Kept running into Von Borsig at Stonewall in 2019 and other highlights from the year gone by


   Looking back at another year of golf blogging and some more looping at Stonewall …

   What I was really looking forward to in 2019 was the return of the BMW Philadelphia Amateur Championship, the marquee event on the Golf Association of Philadelphia’s calendar each year, to Stonewall for the first time since 2009.
   Regular readers of T Mac Tees Off are aware that I had revived a caddying career that I thought was over following the second round of the 1981 U.S. Open at Merion Golf Club’s historic East Course at Stonewall, Tom Doak’s twin gems in the northwest corner of  Chester County, since the newspaper business quit me early in 2016.
   The spring weather was kinder than it had been in recent years and Stonewall superintendent Dan Dale had the Old Course and the North Course, 10 years the Old’s junior and nearly as demanding, in fairly pristine condition for the 119th battle for the J. Wood Platt Trophy.
   I had really been able to focus on the golf scene in my last eight years or so at my final stop of a 38-year journalism career at the Delaware County Daily Times, where the T Mac Tees Off blog had its humble origins, designed to act as a supplement to the golf stuff that I could jam into an increasingly tiny news hole.
   Oddly enough, the first time I laid eyes on the Old Course at Stonewall was when I took a ride up Route 401 to check out a golf course I had heard a lot about and because two guys whose high school careers I had chronicled in the Daily Times, Conrad Von Borsig, a District One champion at Strath Haven, and James Kania Jr., a winner of the Bert Linton Inter-Ac League Championship at The Haverford School, were going at it in that 2009 Philadelphia Amateur final.
   Funny how life completes little circles that way. Von Borsig, coming off his junior season at Virginia, built up a big early lead and claimed a 6 and 4 victory over Kania, who was playing collegiately at Kentucky.
   So there I was 10 years later, this time proudly wearing a Stonewall bib and looking forward to carrying a bag in a Philly Am qualifier for the first time in 39 years when my Merion regular, Bill Ginn Jr., had me along on a rainy day at Whitemarsh Valley Country Club and Sunnybrook Golf Club in 1980.
   The Philly Am qualifiers were well attended last spring because Stonewall, in a little more than 25 years, has gained that reputation that the good courses have, the kind of courses that players, particularly good players, want to play, want to see how their games stand up to the challenge they know they will face.
   I gave Noah Schwartz, a former Penn Charter standout who had just completed his freshman season at Cornell, a guided tour of the North Course in the week leading up to the Philly Am.

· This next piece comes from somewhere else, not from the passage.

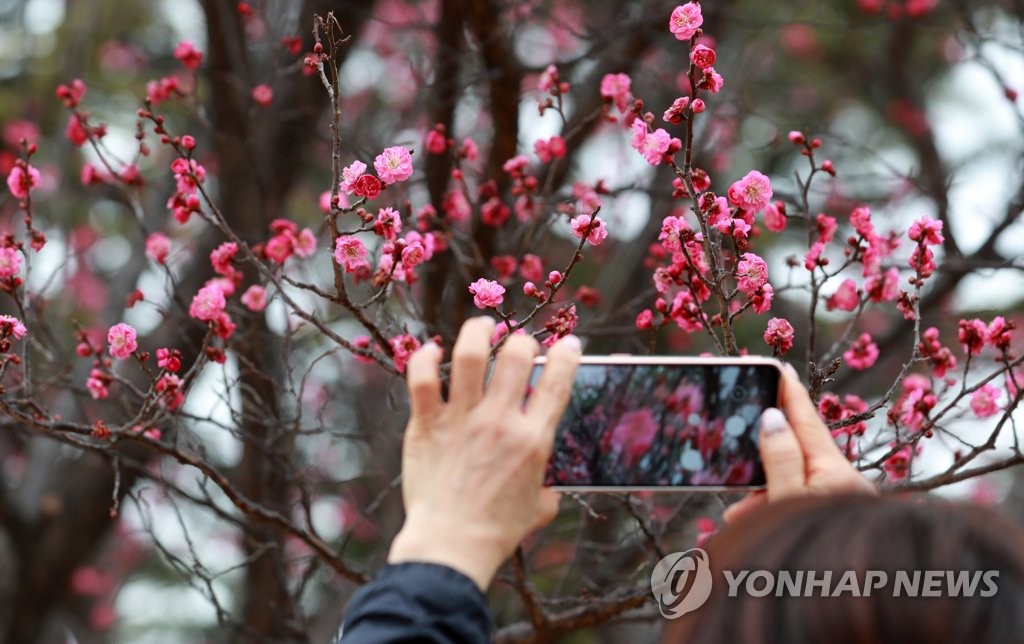 봄처럼 포근한 날씨 이어져…서울 낮 최고 13도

Schwartz had a little more accomplished adviser in his morning round at the Old Course that day in R.J. Wren, a former Twin Valley standout and an occasional Stonewall looper who was coming off a solid junior season at Delaware.
   R.J. was already spoken for for the tournament proper, so when Schwartz asked if I wanted to go with him, I gladly accepted.
   Schwartz, a Cherry Hill, N.J. resident who was playing out of Galloway National Golf Club, struggled in the opening round of qualifying on the North Course, some unforced errors leading to three double bogeys and an 81.
   It had been a weird weather day at the start, heavy overnight rains giving way to bright sunshine that was ushered in by roaring northwest winds just as we headed to the first tee.
   But to his everlasting credit, Schwartz put that round behind him in the afternoon. His 30-footer for birdie at the tough par-4 10th hole, our first hole of the afternoon on the Old Course, found nothing but the bottom of the cup (“double breaker, net straight,” I believe was the read).
   Schwartz was on his way to a 2-over 72 that was about the highest score he could have recorded. Schwartz made it a point to stay aggressive and just kept hitting quality golf shot after quality golf shot.
   Schwartz’s 13-over 153 total missed the playoff for the final two spots in match play by three shots. It is so tough to make the top 32 that compete in match play at a Philly Am. There just isn’t a big margin for error.
   I left my Stonewall bib at home and brought my clipboard for the next two days and wandered around looking for matches that appealed to me. The Philly Am field of 32 is quickly whittled down to the two finalists in those two days.
  I caught up to one of the early afternoon matches, a second-round meeting between Talamore Country Club’s Patrick Sheehan, who I had seen a lot on the postseason high school trail the previous two falls, and Jack Wall, the younger brother of defending Philly Am champ Jeremy Wall, both playing out of Manasquan Valley Golf Club at the Jersey Shore.
   Sheehan, who will join Greg Nye’s Penn State program later this summer, had won the District One Class AAA championship as a senior at Central Bucks East in the fall of 2018. Jack Wall, who moved into the starting lineup as a freshman at South Carolina this fall and stayed there, and his Christian Brothers Academy teammate Brendan Hansen had advanced to match play in the U.S. Amateur Four-Ball Championship at the Bandon Dunes Resort in Oregon a few weeks before the Philly Am.
   Jack Wall claimed a 4 and 2 victory, but it was really a lot of fun to watch a couple of guys who had just walked in their high school graduations playing some really high-level golf.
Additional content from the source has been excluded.